> **WHAT THE TASK ASKS**: Take the entries below and print, exactly, the stretch from the line containing "uvb: 💡Peşəkar Reptile" through the line containing "Puppy , a female", both included.
---------- DATA RECORDS
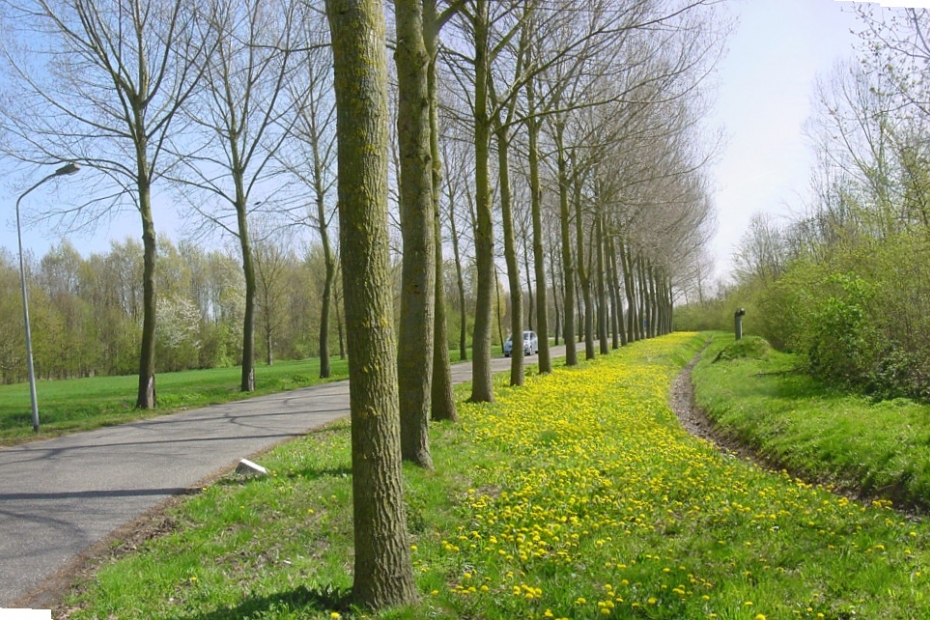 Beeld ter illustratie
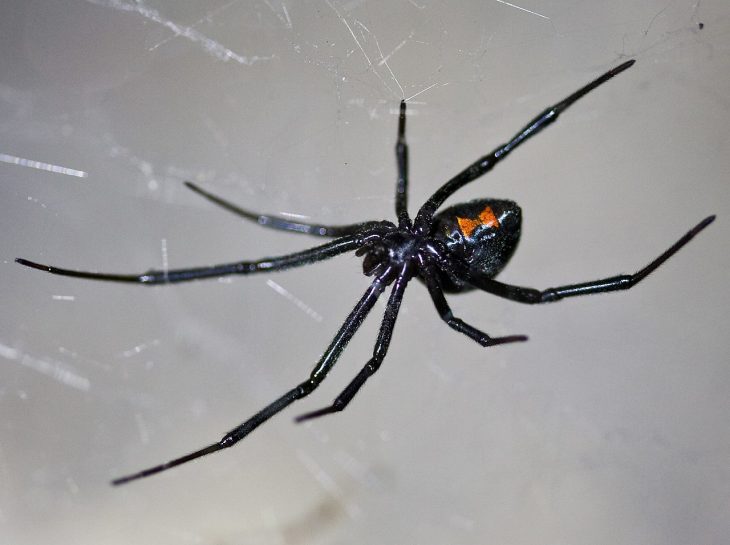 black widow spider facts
--------------------
---------- DATA RECORDS
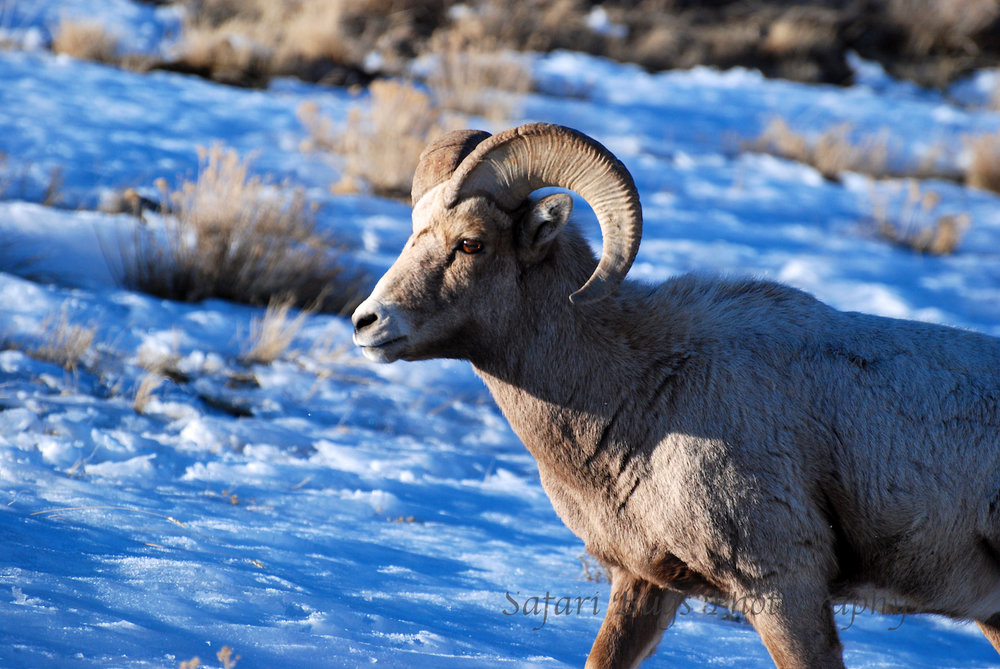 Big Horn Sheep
--------------------
---------- DATA RECORDS
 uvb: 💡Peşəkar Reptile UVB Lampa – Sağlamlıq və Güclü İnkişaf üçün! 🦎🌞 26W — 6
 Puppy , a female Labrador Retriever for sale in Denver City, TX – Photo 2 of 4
--------------------
> **TASK RESULT**:
 uvb: 💡Peşəkar Reptile UVB Lampa – Sağlamlıq və Güclü İnkişaf üçün! 🦎🌞 26W — 6
 Puppy , a female Labrador Retriever for sale in Denver City, TX – Photo 2 of 4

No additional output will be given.